What the task asks: Using only the entries below, copy exactly the lines that begin at the one with "Macerata, 26enne salvata" and end at the one with "10.05.2026 - 8.", both included. Drop the pictures.
━━━ Source information ━━━
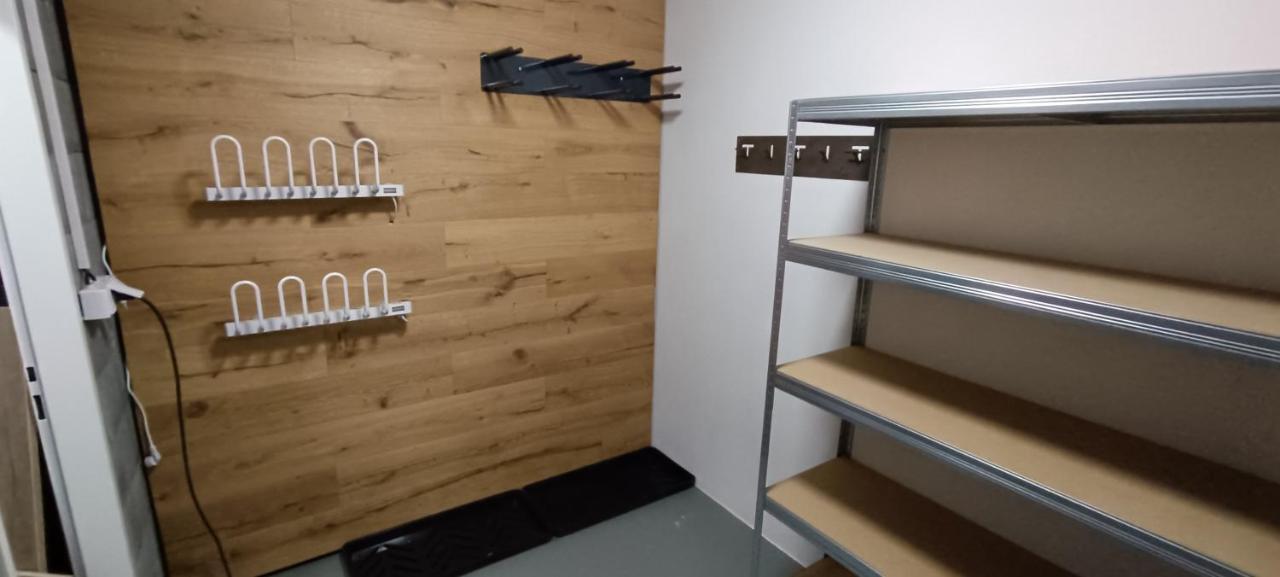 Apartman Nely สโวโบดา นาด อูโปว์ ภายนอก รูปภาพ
━━━
━━━ Source information ━━━
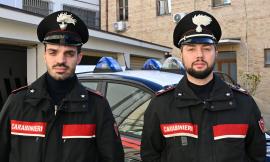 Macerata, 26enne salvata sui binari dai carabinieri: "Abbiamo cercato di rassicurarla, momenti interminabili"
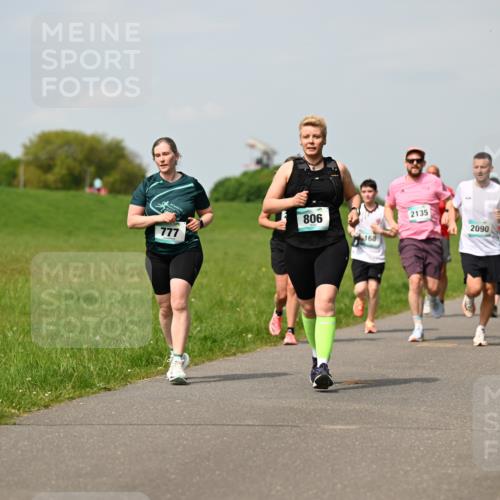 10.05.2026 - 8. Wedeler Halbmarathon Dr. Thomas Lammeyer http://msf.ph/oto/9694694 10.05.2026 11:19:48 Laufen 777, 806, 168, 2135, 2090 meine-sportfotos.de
━━━
━━━ Source information ━━━
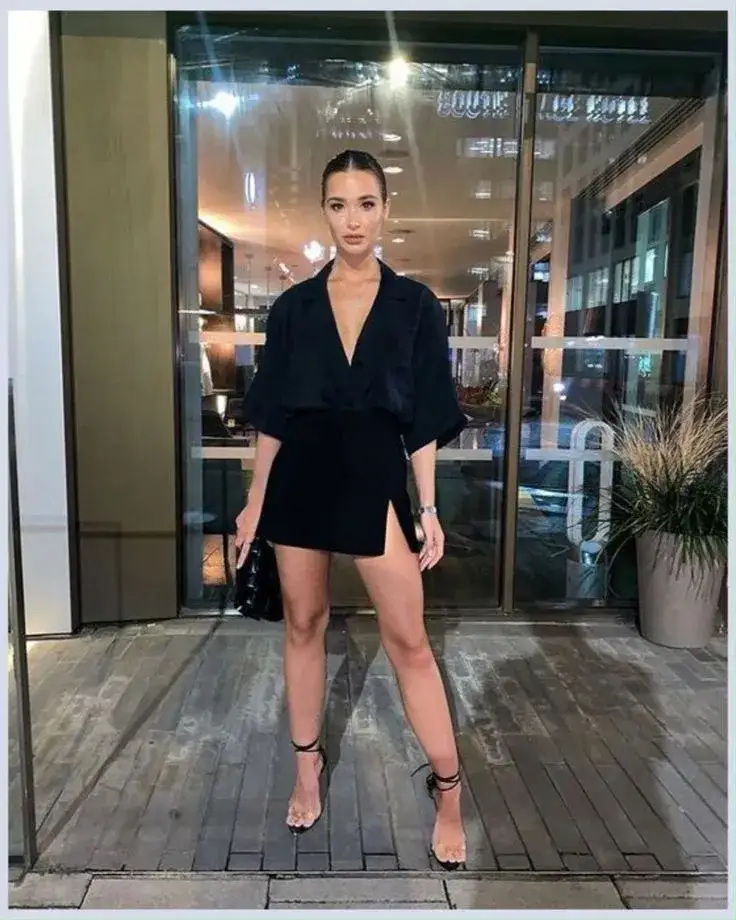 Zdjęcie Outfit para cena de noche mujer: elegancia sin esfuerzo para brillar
━━━
Result for this exercise:
 Macerata, 26enne salvata sui binari dai carabinieri: "Abbiamo cercato di rassicurarla, momenti interminabili"
 10.05.2026 - 8. Wedeler Halbmarathon Dr. Thomas Lammeyer http://msf.ph/oto/9694694 10.05.2026 11:19:48 Laufen 777, 806, 168, 2135, 2090 meine-sportfotos.de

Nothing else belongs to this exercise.